However, BWHS is not just about women. “One thing that we’ve tried to do in this study, in addition to studying African American women, is to mentor African American scientists. It’s a long process moving up in the sciences, and it requires a lot of mentoring.” Palmer said that they had taken six to eight doctoral students from Boston University and Harvard under their wings. In addition, they mentored two junior faculty members and one postdoctoral researcher.

The Way Forward

In addition to making up for lost time and conducting research that should have been done long ago, the BWHS is pushing to bring knowledge of black women’s health into the 21st century.
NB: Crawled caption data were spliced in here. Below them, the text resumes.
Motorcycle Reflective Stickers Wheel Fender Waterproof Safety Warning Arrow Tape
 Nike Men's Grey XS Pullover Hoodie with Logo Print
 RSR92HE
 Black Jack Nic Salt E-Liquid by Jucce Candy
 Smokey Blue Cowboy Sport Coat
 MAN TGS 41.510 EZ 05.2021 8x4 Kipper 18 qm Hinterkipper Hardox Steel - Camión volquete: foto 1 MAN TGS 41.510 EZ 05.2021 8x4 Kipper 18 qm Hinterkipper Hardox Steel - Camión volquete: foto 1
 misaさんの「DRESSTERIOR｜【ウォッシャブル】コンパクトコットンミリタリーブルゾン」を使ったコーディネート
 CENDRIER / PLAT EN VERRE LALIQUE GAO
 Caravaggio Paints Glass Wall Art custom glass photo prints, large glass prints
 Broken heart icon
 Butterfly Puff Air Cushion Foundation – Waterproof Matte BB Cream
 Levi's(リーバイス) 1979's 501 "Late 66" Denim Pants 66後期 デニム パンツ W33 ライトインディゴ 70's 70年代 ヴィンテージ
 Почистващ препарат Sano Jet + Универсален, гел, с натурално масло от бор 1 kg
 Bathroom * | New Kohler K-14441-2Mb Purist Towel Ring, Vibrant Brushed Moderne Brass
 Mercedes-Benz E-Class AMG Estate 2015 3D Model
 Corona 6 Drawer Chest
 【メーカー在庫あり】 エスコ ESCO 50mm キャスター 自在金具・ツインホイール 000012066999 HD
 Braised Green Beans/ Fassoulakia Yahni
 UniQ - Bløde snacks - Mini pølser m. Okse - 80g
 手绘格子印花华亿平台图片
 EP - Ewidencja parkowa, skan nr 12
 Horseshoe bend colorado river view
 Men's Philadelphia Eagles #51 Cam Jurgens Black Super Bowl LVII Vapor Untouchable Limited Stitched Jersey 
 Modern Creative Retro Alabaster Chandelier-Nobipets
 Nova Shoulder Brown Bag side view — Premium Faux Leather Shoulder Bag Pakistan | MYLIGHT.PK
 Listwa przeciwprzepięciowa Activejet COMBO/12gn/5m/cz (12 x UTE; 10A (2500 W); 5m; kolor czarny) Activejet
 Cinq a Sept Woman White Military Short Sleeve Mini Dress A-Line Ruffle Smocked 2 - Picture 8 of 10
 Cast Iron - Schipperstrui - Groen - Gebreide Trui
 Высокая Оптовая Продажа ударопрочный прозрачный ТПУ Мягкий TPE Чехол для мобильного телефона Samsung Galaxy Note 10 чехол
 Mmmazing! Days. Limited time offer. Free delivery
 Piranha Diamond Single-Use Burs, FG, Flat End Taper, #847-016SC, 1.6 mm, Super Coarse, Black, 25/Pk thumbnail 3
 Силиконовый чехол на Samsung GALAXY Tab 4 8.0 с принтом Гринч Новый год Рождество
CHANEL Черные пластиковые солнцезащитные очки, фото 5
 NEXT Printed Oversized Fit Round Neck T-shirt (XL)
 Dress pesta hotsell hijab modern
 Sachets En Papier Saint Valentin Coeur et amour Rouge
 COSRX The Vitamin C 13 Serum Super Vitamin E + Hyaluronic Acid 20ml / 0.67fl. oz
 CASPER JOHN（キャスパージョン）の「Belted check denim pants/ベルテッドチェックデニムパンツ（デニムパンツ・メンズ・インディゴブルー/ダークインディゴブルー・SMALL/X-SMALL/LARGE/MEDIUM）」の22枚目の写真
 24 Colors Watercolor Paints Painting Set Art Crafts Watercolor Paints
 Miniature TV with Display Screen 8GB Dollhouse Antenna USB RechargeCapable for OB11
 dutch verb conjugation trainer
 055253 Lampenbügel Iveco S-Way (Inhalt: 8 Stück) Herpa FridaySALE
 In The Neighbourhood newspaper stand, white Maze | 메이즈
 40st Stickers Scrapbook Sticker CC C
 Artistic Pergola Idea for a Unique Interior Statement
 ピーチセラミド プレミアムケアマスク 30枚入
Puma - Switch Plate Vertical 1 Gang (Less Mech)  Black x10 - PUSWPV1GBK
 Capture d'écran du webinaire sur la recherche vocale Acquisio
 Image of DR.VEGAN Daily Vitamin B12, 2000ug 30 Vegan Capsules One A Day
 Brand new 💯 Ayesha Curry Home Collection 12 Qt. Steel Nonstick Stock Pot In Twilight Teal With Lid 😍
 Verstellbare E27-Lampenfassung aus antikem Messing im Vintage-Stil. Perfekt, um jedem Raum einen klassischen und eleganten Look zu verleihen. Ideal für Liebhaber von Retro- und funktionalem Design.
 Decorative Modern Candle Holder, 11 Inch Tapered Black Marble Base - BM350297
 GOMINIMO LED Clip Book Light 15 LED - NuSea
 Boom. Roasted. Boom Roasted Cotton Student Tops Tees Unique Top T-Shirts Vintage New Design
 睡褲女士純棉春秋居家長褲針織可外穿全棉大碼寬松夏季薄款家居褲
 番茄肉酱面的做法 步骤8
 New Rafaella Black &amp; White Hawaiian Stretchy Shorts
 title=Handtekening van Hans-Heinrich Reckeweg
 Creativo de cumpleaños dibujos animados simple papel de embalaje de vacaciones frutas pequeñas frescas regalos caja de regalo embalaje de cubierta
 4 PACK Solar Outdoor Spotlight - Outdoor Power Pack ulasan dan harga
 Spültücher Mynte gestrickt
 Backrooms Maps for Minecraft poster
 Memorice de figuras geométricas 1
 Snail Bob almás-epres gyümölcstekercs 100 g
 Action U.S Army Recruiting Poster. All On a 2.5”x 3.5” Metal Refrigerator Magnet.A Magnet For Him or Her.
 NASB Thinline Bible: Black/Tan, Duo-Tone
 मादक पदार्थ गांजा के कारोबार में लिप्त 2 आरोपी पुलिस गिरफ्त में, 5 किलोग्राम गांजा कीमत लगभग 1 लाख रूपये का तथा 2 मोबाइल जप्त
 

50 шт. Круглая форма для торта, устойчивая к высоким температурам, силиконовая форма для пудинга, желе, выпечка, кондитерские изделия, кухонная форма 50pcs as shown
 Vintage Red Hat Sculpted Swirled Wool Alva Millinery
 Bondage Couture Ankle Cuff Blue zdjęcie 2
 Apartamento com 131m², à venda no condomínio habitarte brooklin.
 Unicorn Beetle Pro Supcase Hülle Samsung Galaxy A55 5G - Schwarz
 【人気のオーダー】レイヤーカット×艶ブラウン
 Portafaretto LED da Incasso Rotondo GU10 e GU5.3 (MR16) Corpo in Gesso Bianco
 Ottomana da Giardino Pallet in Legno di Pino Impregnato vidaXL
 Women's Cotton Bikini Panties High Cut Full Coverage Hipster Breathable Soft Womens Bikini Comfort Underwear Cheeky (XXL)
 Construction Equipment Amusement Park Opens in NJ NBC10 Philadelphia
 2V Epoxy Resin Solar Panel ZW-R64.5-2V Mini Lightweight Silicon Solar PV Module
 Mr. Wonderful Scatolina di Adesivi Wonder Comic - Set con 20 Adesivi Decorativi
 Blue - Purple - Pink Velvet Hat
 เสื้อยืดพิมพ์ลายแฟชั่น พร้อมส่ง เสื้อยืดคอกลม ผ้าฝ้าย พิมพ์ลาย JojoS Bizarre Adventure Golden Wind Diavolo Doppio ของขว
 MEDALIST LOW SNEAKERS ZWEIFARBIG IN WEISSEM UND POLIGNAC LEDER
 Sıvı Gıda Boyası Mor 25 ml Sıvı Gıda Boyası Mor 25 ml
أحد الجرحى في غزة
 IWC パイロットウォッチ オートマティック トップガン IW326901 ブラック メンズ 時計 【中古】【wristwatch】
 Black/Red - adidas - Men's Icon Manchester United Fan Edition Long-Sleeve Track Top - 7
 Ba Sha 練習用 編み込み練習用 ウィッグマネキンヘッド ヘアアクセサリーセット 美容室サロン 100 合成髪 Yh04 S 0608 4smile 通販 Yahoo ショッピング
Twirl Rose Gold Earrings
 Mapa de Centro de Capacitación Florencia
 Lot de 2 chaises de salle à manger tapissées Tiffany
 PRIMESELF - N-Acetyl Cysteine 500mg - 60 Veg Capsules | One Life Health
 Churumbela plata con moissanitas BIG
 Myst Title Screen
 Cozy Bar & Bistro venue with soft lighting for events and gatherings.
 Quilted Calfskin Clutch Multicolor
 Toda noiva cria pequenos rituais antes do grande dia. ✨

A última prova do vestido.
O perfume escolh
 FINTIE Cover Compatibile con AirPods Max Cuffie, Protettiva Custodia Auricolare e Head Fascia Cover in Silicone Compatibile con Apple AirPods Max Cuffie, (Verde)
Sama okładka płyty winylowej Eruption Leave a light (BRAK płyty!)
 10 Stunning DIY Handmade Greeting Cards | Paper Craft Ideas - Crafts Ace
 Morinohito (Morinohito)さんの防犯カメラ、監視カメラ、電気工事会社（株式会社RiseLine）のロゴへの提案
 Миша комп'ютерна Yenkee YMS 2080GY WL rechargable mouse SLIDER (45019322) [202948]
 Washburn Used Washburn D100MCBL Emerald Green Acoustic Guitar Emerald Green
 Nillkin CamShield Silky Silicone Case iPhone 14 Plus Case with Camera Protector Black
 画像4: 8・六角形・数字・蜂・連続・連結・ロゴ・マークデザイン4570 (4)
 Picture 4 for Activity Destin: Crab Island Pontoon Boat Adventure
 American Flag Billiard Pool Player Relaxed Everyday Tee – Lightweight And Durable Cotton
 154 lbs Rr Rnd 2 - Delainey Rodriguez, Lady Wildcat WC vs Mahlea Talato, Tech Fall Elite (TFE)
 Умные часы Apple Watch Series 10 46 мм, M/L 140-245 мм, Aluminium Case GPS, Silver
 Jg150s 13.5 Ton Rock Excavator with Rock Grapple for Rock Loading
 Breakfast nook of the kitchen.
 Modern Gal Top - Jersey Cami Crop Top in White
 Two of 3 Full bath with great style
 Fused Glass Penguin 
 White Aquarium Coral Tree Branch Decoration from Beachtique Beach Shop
In hopes of adding to the genetic data available for African Americans – currently most genetic data is from Europeans and Asians – Palmer has managed to secure DNA samples from more than 27,000 participants. Like all information gathered throughout the study, the samples were collected by mail. Participants used a relatively new technique to preserve their saliva samples; they swished with mouthwash and spit into a cup. The alcohol in the mouthwash acted as a preservative until the sample arrived at Sloan. Palmer plans to analyze the DNA samples in conjunction with data for incidence of breast and colon cancers, lupus, uterine fibroids, and sarcoidosis. Understanding genetic predispositions for these diseases could lead to additional treatments.

The daughters of BWHS participants are currently an untapped resource. Rosenberg said participants were surveyed to see whether they would consider having their daughters included in the study. “The response was not overwhelming,” she said. Palmer added that while it would be helpful to study a younger generation, current funding limits will not afford any expansion of the cohort. Because the study has many aims, funding must come from a variety of grants. Rosenberg and Palmer are trying to think creatively about how to push the study forward, always juggling the need to secure funding, design new studies, analyze data, and publish outcomes while hoping that women like Rorie, their daughters, and granddaughters will be better off.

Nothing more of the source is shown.